**Information provided**.
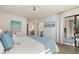 Bedroom with a queen bed, art wall decor, and access to a bathroom and lanai at 4411 46Th W Ave # 201, Bradenton, FL 34210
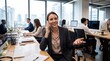 © YOUSSEF - Professional businesswoman talking on phone in modern office workplace. Corporate employee smiling during phone call. Team collaboration communication concept. Business woman at desk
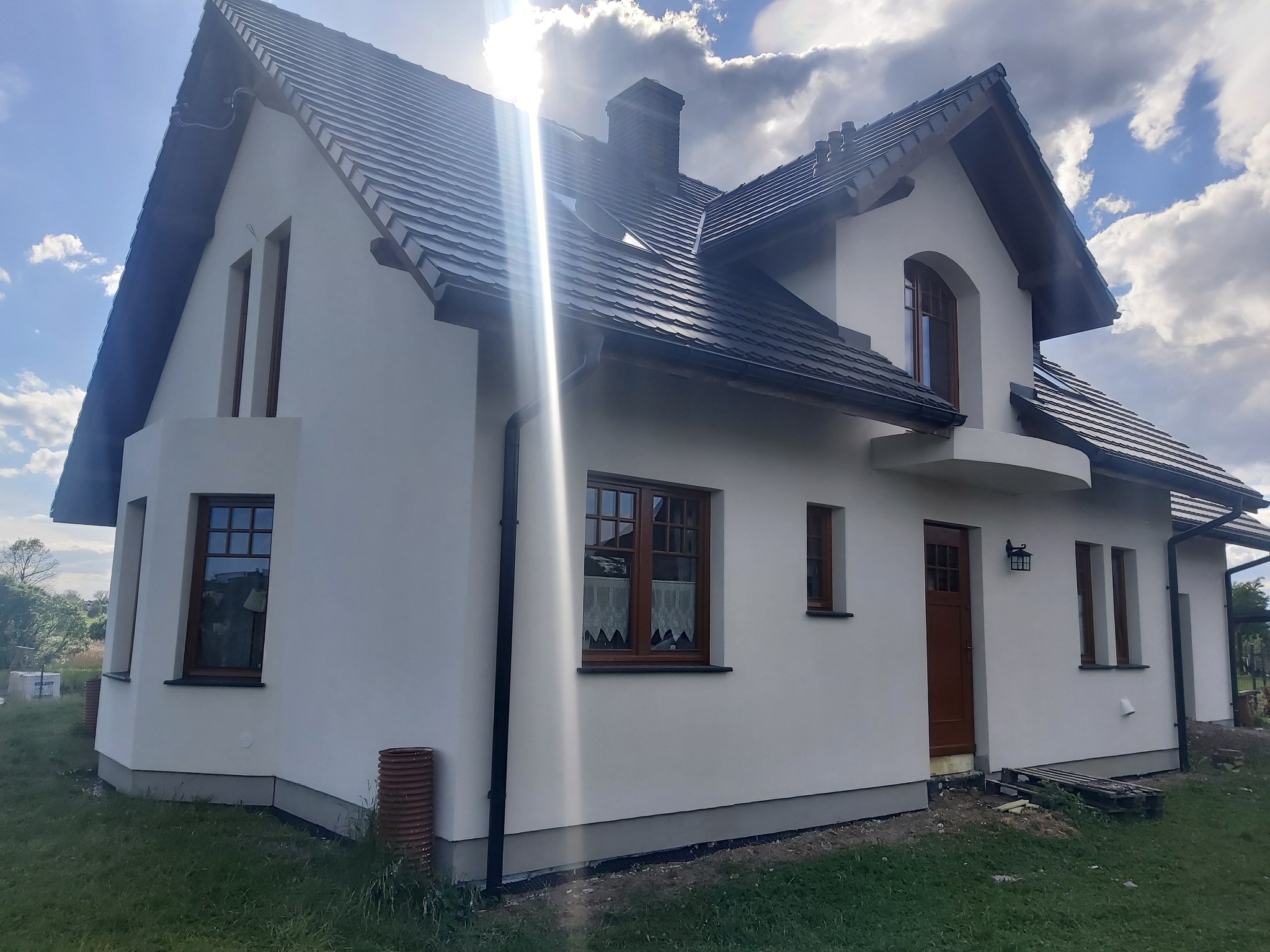 Nowo wykończony dom jednorodzinny z białą elewacją, brązowymi oknami i ciemną dachówką, uchwycony w słoneczny dzień z widocznymi detalami wykończenia.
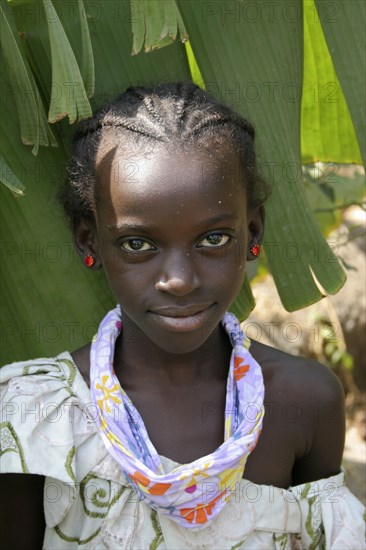 GAMBIA, Western Gambia, Tanji, Tanji village.  Head and shoulders portrait of smiling young girl with braided hair and almond shaped eyes wearing patterned scarf tied around her neck and red earrings.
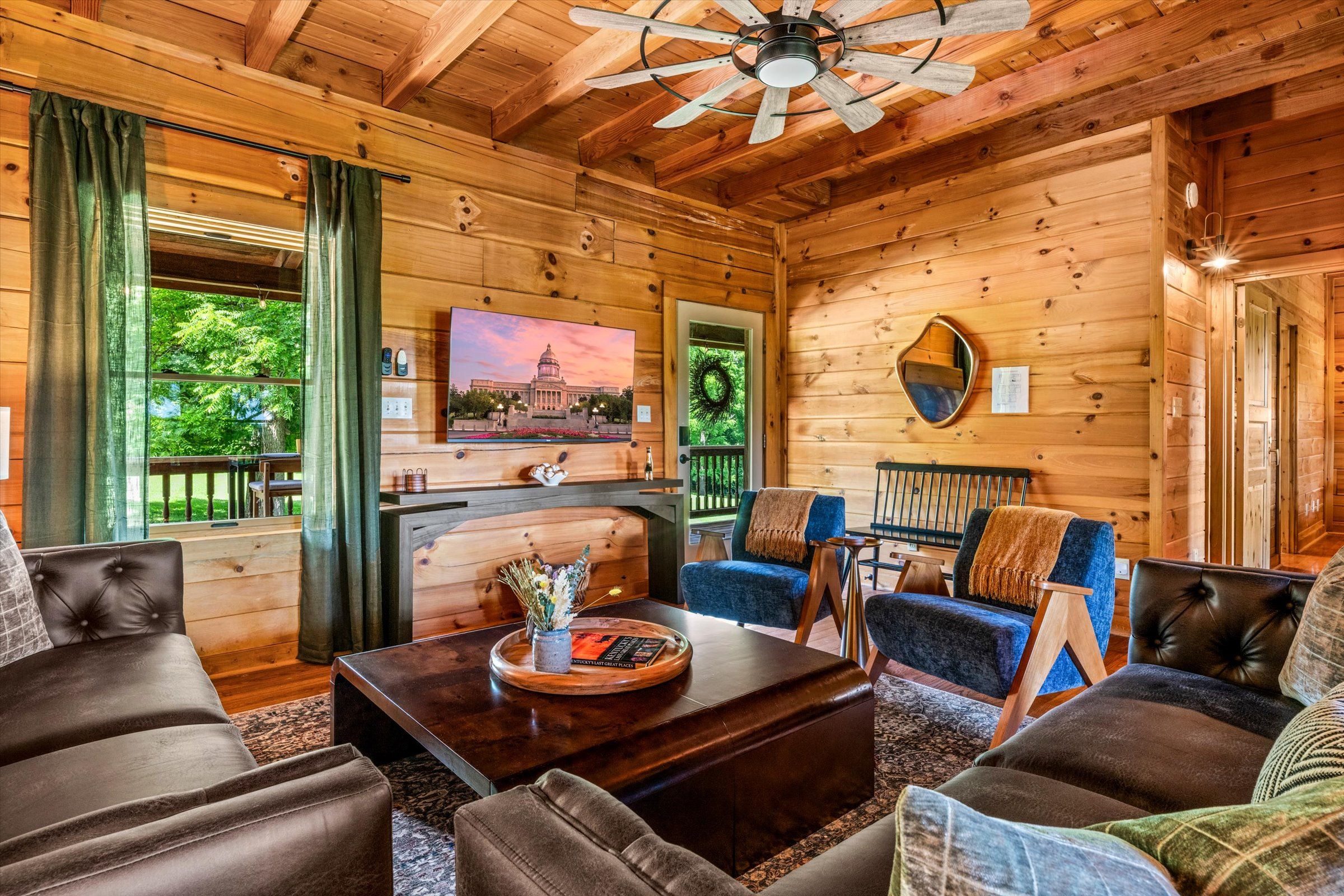 A cozy cabin interior with a fireplace, comfortable seating, and a large window overlooking greenery.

**Problem**. Any pictures above are to be left out. Retype the rest of the records exactly.

**Answer section**.
 Bedroom with a queen bed, art wall decor, and access to a bathroom and lanai at 4411 46Th W Ave # 201, Bradenton, FL 34210
 © YOUSSEF - Professional businesswoman talking on phone in modern office workplace. Corporate employee smiling during phone call. Team collaboration communication concept. Business woman at desk
 Nowo wykończony dom jednorodzinny z białą elewacją, brązowymi oknami i ciemną dachówką, uchwycony w słoneczny dzień z widocznymi detalami wykończenia.
 GAMBIA, Western Gambia, Tanji, Tanji village.  Head and shoulders portrait of smiling young girl with braided hair and almond shaped eyes wearing patterned scarf tied around her neck and red earrings.
 A cozy cabin interior with a fireplace, comfortable seating, and a large window overlooking greenery.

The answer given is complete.